Я был человеком крови.
С температурою таял я в каплях с ее хелицер. Дотянувшися, коснулся тех гноящихся челюстей, что буквально высасывали из меня семя.
И тут волоски на персях ея ерзнули все вдруг и побежали, словно бы гнезда гарцующих пауков, сгрудившихся тысячами, внезапно растревожили на плотском их ложе.
– Вот как оно есть. – Я разделся пред паучихою.
– Именно так оно и есть, – передразнила меня она, как будто бы заговорил я с аффектацьею и манерностию, словно некий юный росток аристократьи. – Не так ли? – насмешливо рекла она.
Да и подобным же белибердам меня она подвергла.

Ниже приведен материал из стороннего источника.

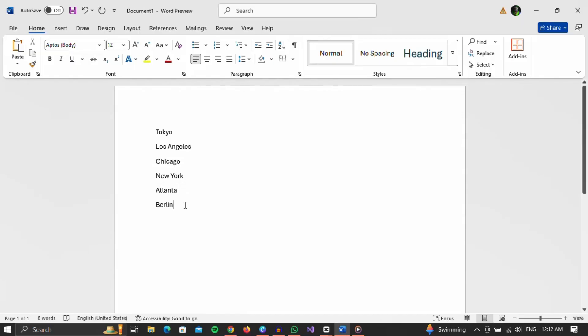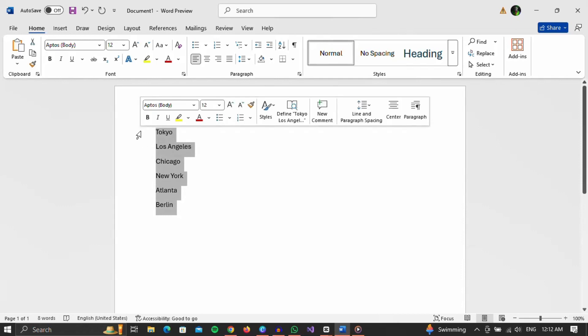Now, if we want, we can manually move the cities so that they are sorted, but that will take too much time. We will speed this up by marking the entire list.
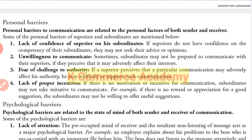The second barrier is unwillingness to communicate. A manager may have a fantastic idea, but due to personal barriers, he is unwilling to communicate it properly. Having knowledge and transmitting that knowledge properly are two different things. Where a manager is unwilling to communicate in a proper manner, it becomes a personal barrier.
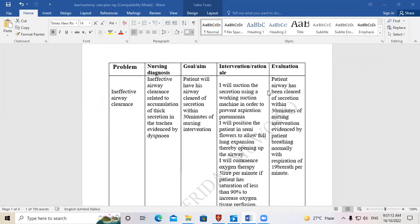Welcome to Raymond's Medical. If you are new to this channel, make sure that you subscribe so that you don't miss out whenever we post a new video. We are going to look at how to write a nursing care plan for a client with tracheostomy.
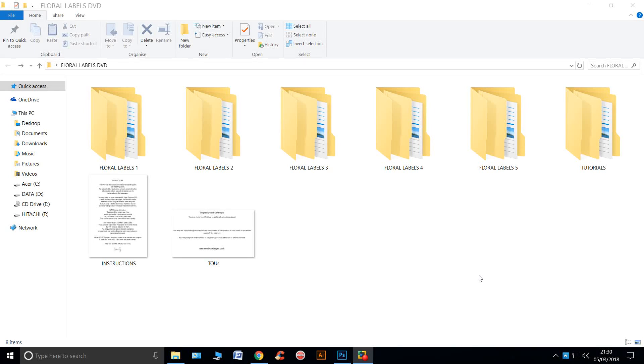Hi, Wendy here again. Here's a quick tour around my brand new floral labels DVD.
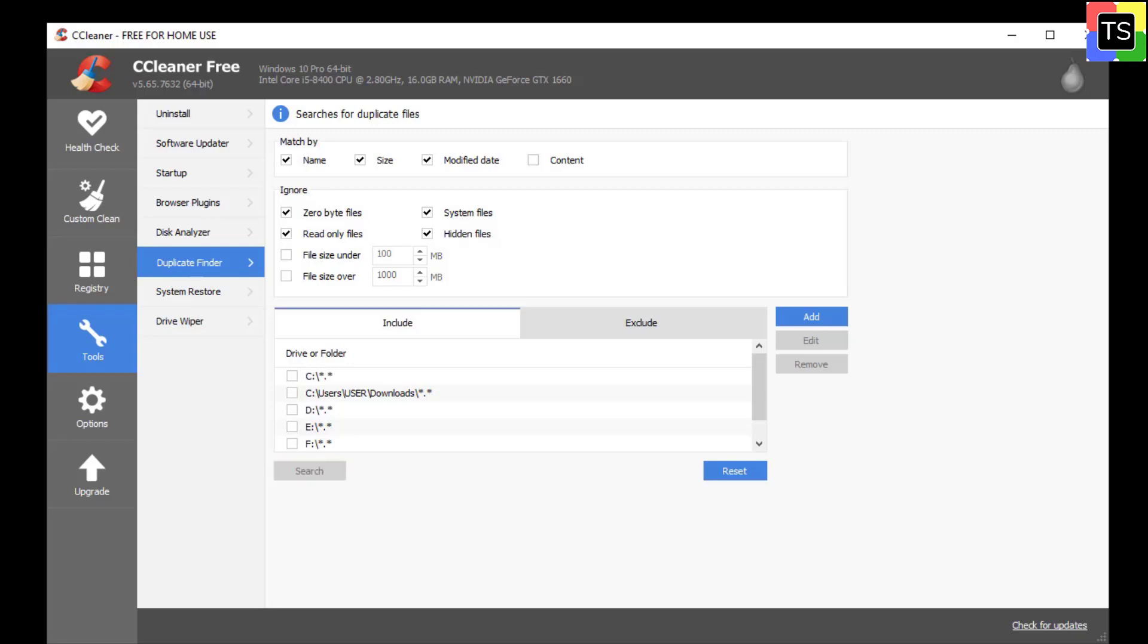Now choose the drive or folder you want to scan. Click the search button to start the scan.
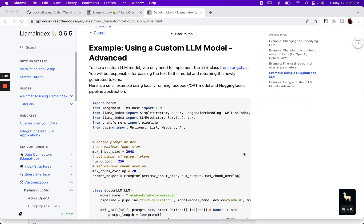I got a question yesterday on how to use a custom local large language model with Lama Index. As of yesterday, I didn't have a local language model set up on my machine, so that was the first thing I had to figure out.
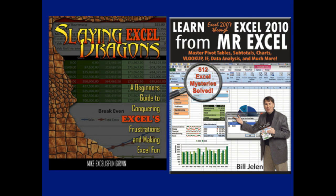Well hey, I want to thank everyone for stopping by. We'll see you next time for another Dueling Excel podcast from MrExcel and Excel Is Fun.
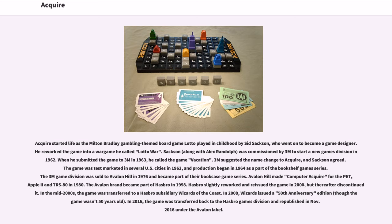Acquire started life as the Milton Bradley gambling themed board game Lotto played in childhood by Sid Sackson, who went on to become a game designer. He reworked the game into a war game he called Lotto War. Sackson, along with Alex Randolph, was commissioned by 3M to start a new games division in 1962.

– Я знаю твое истинное имя.
Проглотить такую мысль было горько, естьли сие правда.
– Твое Магическое имя.
Я сделал шаг вбок, дабы избегнуть тенет сферопаутинного намеренья выманить меня на половую ея арену. Пара сперматек (семеприемников) подсунулася мне под нос, несомненно – дабы обратить меня в Яйца. Все регулярно приуготовивши, я обернул клинок свой в долженствующей учтивости.
– Ступай себе прочь, – выразил я раздраженье свое, – старый ты образ!
Я налег на клинок, и выбрызг омедовленного шоколада проароматил мимо меня ко мне в комнату, пересекши поверхность небольшого короманделского стола с нежнейше подвернутыми ножками, в шоколадной своей спешке чуть не споткнувшися о чашу с ромовым пуншем.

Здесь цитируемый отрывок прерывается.